■ **Task to carry out**:
Please take the records that follow and repeat exactly the lines starting with the line with "Condition photo showing" and going on through the line with "NUEVO GENUINO Samsung".
"""
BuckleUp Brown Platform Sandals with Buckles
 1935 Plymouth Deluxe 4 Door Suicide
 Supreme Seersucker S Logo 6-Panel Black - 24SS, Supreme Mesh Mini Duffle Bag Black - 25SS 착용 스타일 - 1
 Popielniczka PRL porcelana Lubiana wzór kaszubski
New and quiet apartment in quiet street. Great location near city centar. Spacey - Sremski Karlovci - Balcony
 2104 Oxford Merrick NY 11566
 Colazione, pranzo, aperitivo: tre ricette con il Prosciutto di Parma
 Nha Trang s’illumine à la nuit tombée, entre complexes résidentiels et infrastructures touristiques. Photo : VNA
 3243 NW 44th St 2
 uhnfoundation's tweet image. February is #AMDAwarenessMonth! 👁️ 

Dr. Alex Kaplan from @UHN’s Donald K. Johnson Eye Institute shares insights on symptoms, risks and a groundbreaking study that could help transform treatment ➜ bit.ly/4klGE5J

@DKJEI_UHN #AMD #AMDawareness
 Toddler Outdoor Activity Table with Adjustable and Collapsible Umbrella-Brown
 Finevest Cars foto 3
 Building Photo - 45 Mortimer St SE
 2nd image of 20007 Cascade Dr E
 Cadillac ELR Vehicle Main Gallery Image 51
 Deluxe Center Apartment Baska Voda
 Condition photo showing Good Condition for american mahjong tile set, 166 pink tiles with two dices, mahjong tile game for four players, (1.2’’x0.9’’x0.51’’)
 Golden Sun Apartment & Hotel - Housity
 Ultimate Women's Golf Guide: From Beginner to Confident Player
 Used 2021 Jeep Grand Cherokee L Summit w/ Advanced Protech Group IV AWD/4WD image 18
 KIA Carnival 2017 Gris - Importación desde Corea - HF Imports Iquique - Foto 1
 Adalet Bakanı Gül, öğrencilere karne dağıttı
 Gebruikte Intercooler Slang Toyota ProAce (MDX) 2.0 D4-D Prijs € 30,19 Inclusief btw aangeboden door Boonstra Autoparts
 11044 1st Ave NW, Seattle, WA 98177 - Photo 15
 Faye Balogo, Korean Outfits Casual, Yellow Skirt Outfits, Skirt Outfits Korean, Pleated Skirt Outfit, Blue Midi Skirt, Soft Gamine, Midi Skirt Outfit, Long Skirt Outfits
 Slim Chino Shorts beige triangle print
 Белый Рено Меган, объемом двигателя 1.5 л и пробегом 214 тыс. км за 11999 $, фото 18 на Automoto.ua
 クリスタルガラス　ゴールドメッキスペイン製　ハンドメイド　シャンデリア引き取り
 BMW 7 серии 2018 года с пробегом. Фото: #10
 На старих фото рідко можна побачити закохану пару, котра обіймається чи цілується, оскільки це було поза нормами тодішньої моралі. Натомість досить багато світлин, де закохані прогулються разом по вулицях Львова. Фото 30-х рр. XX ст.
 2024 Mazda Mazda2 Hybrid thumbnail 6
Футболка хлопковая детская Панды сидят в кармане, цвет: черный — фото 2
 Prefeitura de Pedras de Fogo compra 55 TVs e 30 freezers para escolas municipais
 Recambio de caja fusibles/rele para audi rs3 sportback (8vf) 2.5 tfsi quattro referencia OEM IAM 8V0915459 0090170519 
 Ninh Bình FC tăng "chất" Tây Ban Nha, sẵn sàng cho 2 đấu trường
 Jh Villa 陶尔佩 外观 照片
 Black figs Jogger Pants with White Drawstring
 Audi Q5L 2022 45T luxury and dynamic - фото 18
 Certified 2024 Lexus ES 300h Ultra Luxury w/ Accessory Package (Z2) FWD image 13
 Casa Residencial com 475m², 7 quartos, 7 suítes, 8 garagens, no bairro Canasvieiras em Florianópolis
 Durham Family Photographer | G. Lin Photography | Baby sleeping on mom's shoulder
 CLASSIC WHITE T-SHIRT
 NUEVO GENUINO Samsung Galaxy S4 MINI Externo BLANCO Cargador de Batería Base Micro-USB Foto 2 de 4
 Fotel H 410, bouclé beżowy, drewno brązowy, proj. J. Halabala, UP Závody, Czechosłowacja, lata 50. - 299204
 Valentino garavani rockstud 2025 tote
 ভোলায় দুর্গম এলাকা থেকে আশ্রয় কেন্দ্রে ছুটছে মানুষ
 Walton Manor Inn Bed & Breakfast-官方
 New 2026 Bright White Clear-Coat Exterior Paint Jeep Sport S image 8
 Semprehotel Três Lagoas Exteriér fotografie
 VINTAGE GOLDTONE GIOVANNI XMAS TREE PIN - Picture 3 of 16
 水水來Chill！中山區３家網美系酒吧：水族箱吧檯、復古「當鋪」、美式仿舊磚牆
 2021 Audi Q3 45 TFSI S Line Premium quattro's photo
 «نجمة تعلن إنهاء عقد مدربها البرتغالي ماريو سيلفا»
"""
■ **Finished exercise**:
 Condition photo showing Good Condition for american mahjong tile set, 166 pink tiles with two dices, mahjong tile game for four players, (1.2’’x0.9’’x0.51’’)
 Golden Sun Apartment & Hotel - Housity
 Ultimate Women's Golf Guide: From Beginner to Confident Player
 Used 2021 Jeep Grand Cherokee L Summit w/ Advanced Protech Group IV AWD/4WD image 18
 KIA Carnival 2017 Gris - Importación desde Corea - HF Imports Iquique - Foto 1
 Adalet Bakanı Gül, öğrencilere karne dağıttı
 Gebruikte Intercooler Slang Toyota ProAce (MDX) 2.0 D4-D Prijs € 30,19 Inclusief btw aangeboden door Boonstra Autoparts
 11044 1st Ave NW, Seattle, WA 98177 - Photo 15
 Faye Balogo, Korean Outfits Casual, Yellow Skirt Outfits, Skirt Outfits Korean, Pleated Skirt Outfit, Blue Midi Skirt, Soft Gamine, Midi Skirt Outfit, Long Skirt Outfits
 Slim Chino Shorts beige triangle print
 Белый Рено Меган, объемом двигателя 1.5 л и пробегом 214 тыс. км за 11999 $, фото 18 на Automoto.ua
 クリスタルガラス　ゴールドメッキスペイン製　ハンドメイド　シャンデリア引き取り
 BMW 7 серии 2018 года с пробегом. Фото: #10
 На старих фото рідко можна побачити закохану пару, котра обіймається чи цілується, оскільки це було поза нормами тодішньої моралі. Натомість досить багато світлин, де закохані прогулються разом по вулицях Львова. Фото 30-х рр. XX ст.
 2024 Mazda Mazda2 Hybrid thumbnail 6
Футболка хлопковая детская Панды сидят в кармане, цвет: черный — фото 2
 Prefeitura de Pedras de Fogo compra 55 TVs e 30 freezers para escolas municipais
 Recambio de caja fusibles/rele para audi rs3 sportback (8vf) 2.5 tfsi quattro referencia OEM IAM 8V0915459 0090170519 
 Ninh Bình FC tăng "chất" Tây Ban Nha, sẵn sàng cho 2 đấu trường
 Jh Villa 陶尔佩 外观 照片
 Black figs Jogger Pants with White Drawstring
 Audi Q5L 2022 45T luxury and dynamic - фото 18
 Certified 2024 Lexus ES 300h Ultra Luxury w/ Accessory Package (Z2) FWD image 13
 Casa Residencial com 475m², 7 quartos, 7 suítes, 8 garagens, no bairro Canasvieiras em Florianópolis
 Durham Family Photographer | G. Lin Photography | Baby sleeping on mom's shoulder
 CLASSIC WHITE T-SHIRT
 NUEVO GENUINO Samsung Galaxy S4 MINI Externo BLANCO Cargador de Batería Base Micro-USB Foto 2 de 4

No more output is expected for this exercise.